# Problem details:
Where the listing below has a line with "Skull Patriotism Coaster Set", write out exactly that line and every line after it, stopping after the line with "LA FORTUNA, COSTA".

# Recorded data:
........
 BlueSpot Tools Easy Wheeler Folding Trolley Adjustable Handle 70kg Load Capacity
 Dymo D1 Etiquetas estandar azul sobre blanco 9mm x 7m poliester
........
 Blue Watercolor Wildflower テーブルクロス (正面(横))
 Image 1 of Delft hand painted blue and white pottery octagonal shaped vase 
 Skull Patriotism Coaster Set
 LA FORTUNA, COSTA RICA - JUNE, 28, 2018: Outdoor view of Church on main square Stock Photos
........
# Written answer:
 Skull Patriotism Coaster Set
 LA FORTUNA, COSTA RICA - JUNE, 28, 2018: Outdoor view of Church on main square Stock Photos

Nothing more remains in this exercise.